Soldier On
He would be in the grocery store, trying to find some milk to last him the week while replacing the baloney that had gone rank in his refrigerator within the last week because he hadn’t been eating properly. Or he would be in the guard office in the prison, flipping through a magazine and keeping an eye on the TV screens with black-and-white images of the jail cells and the prisoners in them. Or he would be at home, in his little one-room flat, watching the telly and eating an apple and wondering why he had ever come back to Westfield.
He would be any of these situations, doing whatever it was he did, when he would hear something – tins falling in another aisle, fellow guards calling back and forth to each other from other sides of the room, an explosion on the telly from a made-for-TV movie – and he would be back in Afghanistan.
He had been walking home from his therapy, leaning heavily on his cane and grumbling about his lack of progress, when he heard a child’s play-filled shriek and was suddenly thrown from the cold Michigan air into the hateful heat of the desert.
The sky was bright, painful blue – not a cloud in the sky – and the buildings around them were war-torn and crumbling into ruins. Dustin stood crouched behind a flipped-over tank, smelling death and decay from the bodies within the vehicle.

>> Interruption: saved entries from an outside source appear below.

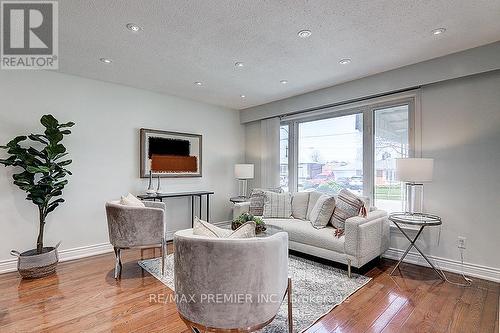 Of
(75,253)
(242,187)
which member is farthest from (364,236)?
(75,253)

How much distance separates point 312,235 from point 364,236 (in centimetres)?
62

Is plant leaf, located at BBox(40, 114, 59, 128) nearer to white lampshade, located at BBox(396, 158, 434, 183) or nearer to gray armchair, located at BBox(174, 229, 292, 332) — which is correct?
gray armchair, located at BBox(174, 229, 292, 332)

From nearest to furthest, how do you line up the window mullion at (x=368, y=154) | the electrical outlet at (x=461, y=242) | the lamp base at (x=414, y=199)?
the electrical outlet at (x=461, y=242)
the lamp base at (x=414, y=199)
the window mullion at (x=368, y=154)

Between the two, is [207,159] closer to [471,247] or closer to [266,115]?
[266,115]

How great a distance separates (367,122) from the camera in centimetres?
382

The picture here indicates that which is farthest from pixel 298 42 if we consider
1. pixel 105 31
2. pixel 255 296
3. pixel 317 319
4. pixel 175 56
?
pixel 317 319

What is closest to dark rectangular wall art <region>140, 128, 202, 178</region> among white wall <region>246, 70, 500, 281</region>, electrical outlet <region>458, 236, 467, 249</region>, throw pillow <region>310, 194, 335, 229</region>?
throw pillow <region>310, 194, 335, 229</region>

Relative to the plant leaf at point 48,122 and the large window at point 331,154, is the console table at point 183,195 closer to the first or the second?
the plant leaf at point 48,122

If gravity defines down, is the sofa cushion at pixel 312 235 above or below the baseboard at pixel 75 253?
above

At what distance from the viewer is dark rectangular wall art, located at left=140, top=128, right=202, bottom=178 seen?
4172mm

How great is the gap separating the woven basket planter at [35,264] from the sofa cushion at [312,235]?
2.72 meters

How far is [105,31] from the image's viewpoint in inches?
95.0

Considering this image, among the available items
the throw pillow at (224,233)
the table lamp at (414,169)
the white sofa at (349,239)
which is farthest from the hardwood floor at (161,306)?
the table lamp at (414,169)

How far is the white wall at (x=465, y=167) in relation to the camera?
278 centimetres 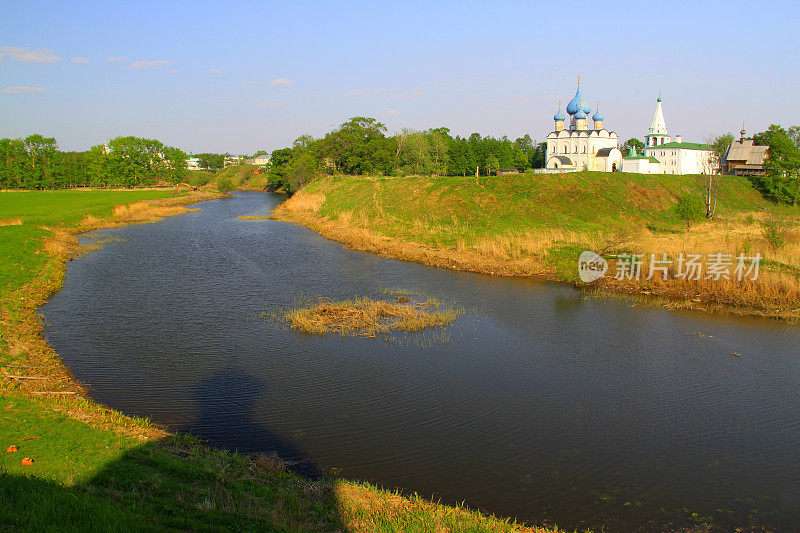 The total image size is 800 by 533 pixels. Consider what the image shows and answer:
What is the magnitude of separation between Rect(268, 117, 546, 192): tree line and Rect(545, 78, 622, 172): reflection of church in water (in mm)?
9220

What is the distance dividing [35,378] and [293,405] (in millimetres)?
5891

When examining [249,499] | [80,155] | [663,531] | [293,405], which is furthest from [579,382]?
[80,155]

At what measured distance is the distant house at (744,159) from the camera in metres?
67.4

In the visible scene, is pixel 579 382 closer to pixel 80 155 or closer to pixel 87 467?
pixel 87 467

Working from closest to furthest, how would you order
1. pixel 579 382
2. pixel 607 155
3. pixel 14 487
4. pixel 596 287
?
pixel 14 487 → pixel 579 382 → pixel 596 287 → pixel 607 155

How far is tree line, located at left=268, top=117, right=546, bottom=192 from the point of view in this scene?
237 feet

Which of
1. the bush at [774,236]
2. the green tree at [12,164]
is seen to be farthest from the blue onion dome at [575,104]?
the green tree at [12,164]

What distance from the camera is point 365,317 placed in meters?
19.7

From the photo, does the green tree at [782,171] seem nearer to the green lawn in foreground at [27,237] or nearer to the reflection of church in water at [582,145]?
the reflection of church in water at [582,145]

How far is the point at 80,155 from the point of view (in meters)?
108

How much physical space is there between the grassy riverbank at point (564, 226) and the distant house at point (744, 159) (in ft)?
28.0

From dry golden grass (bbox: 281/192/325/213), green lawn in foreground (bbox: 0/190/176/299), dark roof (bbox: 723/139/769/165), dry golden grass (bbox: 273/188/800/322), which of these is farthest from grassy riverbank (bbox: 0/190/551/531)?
dark roof (bbox: 723/139/769/165)

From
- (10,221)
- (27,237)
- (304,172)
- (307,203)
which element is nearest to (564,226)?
(307,203)

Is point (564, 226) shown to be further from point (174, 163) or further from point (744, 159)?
point (174, 163) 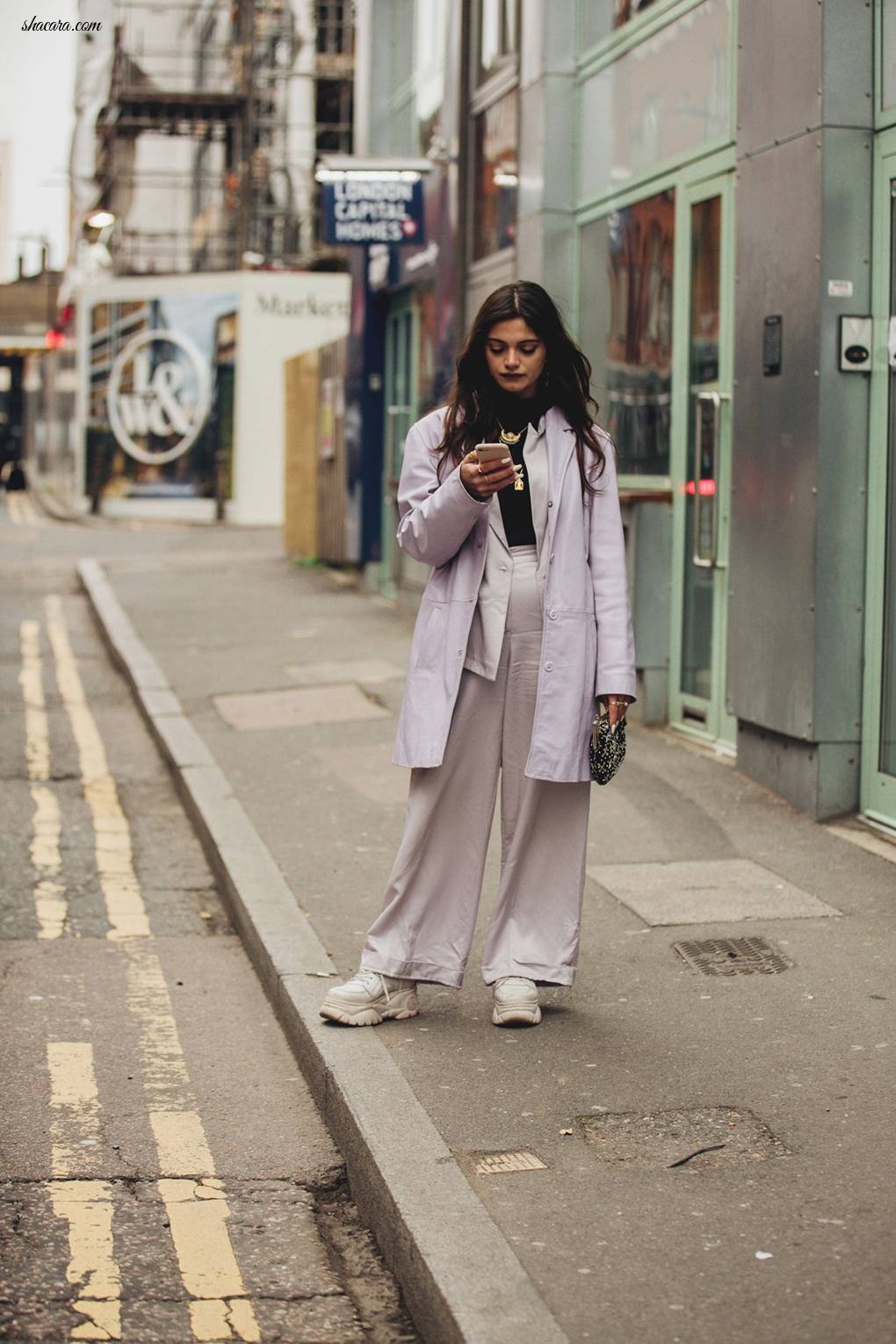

But his eyes were on the little girl with dark skin in front of him.
She was small, and looked like she could’ve used a good meal or five, but she was not starved. Wearing a dulled blue dress, with a white head cloth wrapped around her dark hair – he couldn’t remember for the life of him what they were called now, but he used to know it by heart – her wide brown eyes were what kept his attention.
Her eyes, and the mine that she was standing on.
“What’s yer name?” he asked softly, adjusting his rifle on his shoulder and holding up his free hand to show he wasn’t going to hurt her. She kept her eyes on his face, taking in pale features, blond hair, blue eyes, big nose. He wanted to wipe the look of terror off of her face, but he thought that perhaps making a funny face would be a bit off colour.
“A-Amal,” she whispered, looking at him with glassed-over eyes. Near tears, he’d bet anything and who could blame her? She was standing in the worst spot on the planet and Dustin didn’t know what to do to help her.
“Can y'do something for me, Amal?” He spoke calmly, casually, as if he were just asking a favour from her. It was a liar’s tone, and he knew it – and she knew it, yet neither of them made comment on it. The fact that he was lying to her hurt the most, almost, but he knew he had to. He didn’t know why he had to, but he knew he did. That was the important part.
“What?” Her English was so clear, as if she had been taught it by her parents in case they ever went to America or Canada or even England. How old was she; how did she know to speak so clearly? Did she go to school? So many questions and no answers…
“Stay right there.”
She nodded, her hands held out to balance her, feet bare and caked in dirt and mud. Dustin looked around to see if he could find anyone – anyone at all to help the civilian make it out of this safely.
And that was when he heard the popping of bullets.
And that was when he heard Amal gasp and the unmistakable sound of stumbling.
He lost consciousness due to the heat of the explosion—
Gasping, Dustin shook himself out of the flashback, Amal’s screams still echoing in his head, and he stared down the alley where he saw the children playing some game of tag. His hands were shaking, and his leg was aching, and suddenly he just wanted to collapse and sob because he still hadn’t allowed himself the moment to do so.
Yet still he wouldn’t, and instead of breaking down as he wished to Dustin moved forward, marching home and pushing back all emotions to the back of his mind.
He didn’t have the time to deal with them right now. Now, or ever.